[Spatial localization data]
________________________________________

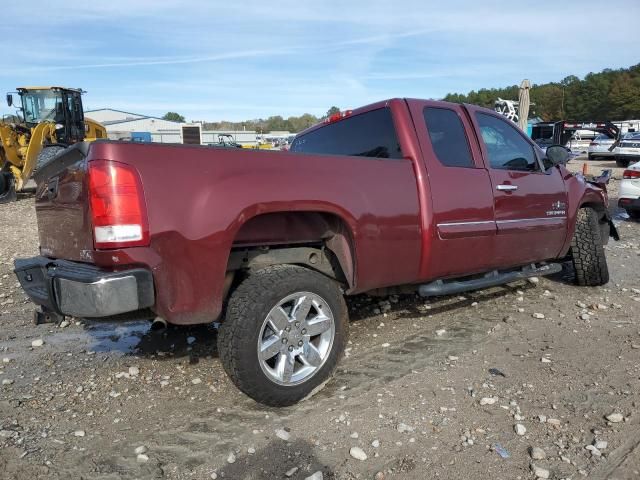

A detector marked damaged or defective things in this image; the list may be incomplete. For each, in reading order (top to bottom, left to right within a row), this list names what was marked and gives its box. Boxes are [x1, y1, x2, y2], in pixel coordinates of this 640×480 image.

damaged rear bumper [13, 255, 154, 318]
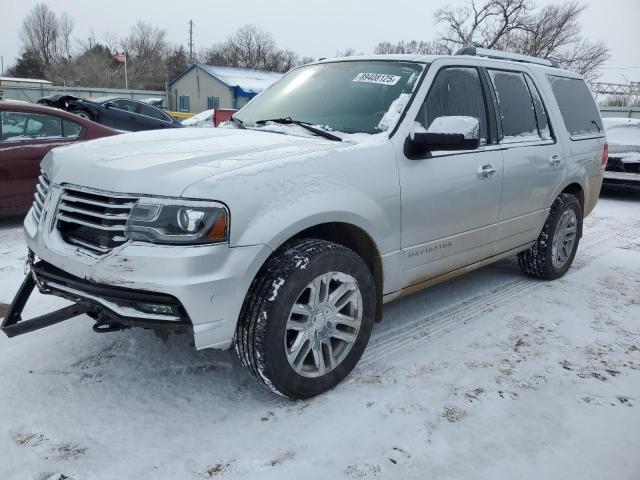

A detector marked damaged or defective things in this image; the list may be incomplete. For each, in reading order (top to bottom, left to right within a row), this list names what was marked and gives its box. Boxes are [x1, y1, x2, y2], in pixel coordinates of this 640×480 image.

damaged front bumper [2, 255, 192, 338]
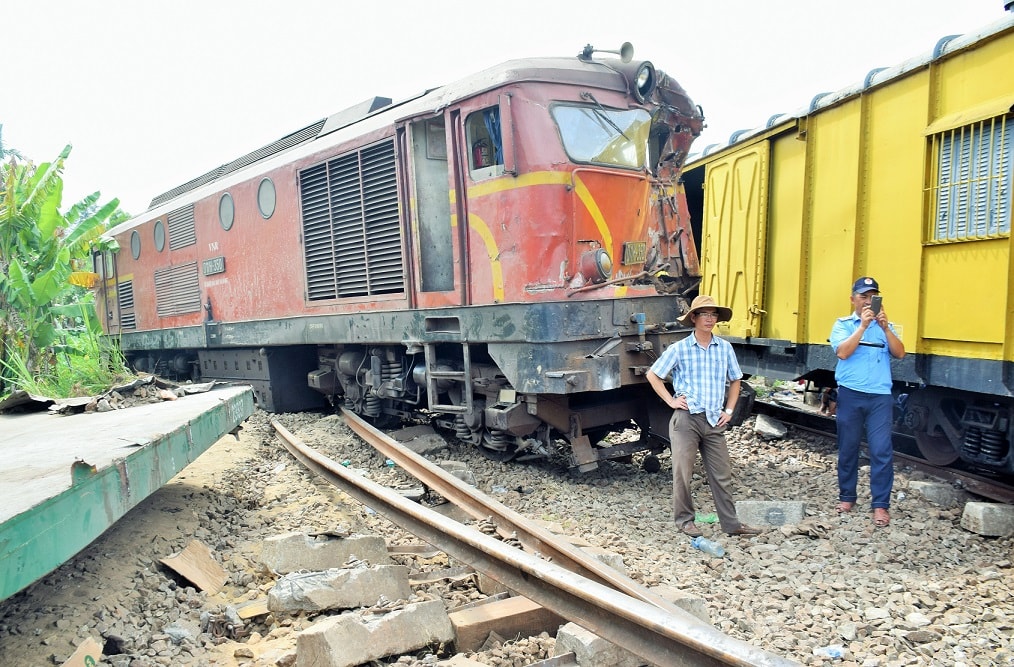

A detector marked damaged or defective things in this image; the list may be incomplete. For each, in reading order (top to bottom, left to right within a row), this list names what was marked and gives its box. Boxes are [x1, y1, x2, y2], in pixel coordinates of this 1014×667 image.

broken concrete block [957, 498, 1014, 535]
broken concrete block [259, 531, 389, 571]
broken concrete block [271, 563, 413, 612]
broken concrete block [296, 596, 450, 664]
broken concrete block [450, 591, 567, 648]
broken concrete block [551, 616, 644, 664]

________________________________________

(EXERCISE DIRECTIONS): Print each entry shown above with exact wording and no pictures.

(EXERCISE SOLUTION):
A detector marked damaged or defective things in this image; the list may be incomplete. For each, in reading order (top to bottom, left to right within a row), this list names what was marked and gives its box. Boxes are [x1, y1, x2, y2], in pixel coordinates of this 640×480 image.

damaged rear bumper [13, 255, 154, 318]

A detector marked damaged or defective things in this image; the list may be incomplete. For each, in reading order (top to bottom, left to right within a row), this list names what was marked and gives its box. Boxes are [x1, y1, x2, y2], in pixel coordinates of this 640×480 image.

damaged front bumper [2, 255, 192, 338]

A detector marked damaged or defective things in this image; the list may be incomplete. For each, in reading order (top to bottom, left to right within a row), this list names what was marked and gives its box. Boxes are [x1, y1, x2, y2], in pixel coordinates of this 1014×667 image.

broken concrete block [957, 498, 1014, 535]
broken concrete block [259, 531, 389, 571]
broken concrete block [271, 563, 413, 612]
broken concrete block [296, 596, 450, 664]
broken concrete block [450, 591, 567, 648]
broken concrete block [551, 616, 644, 664]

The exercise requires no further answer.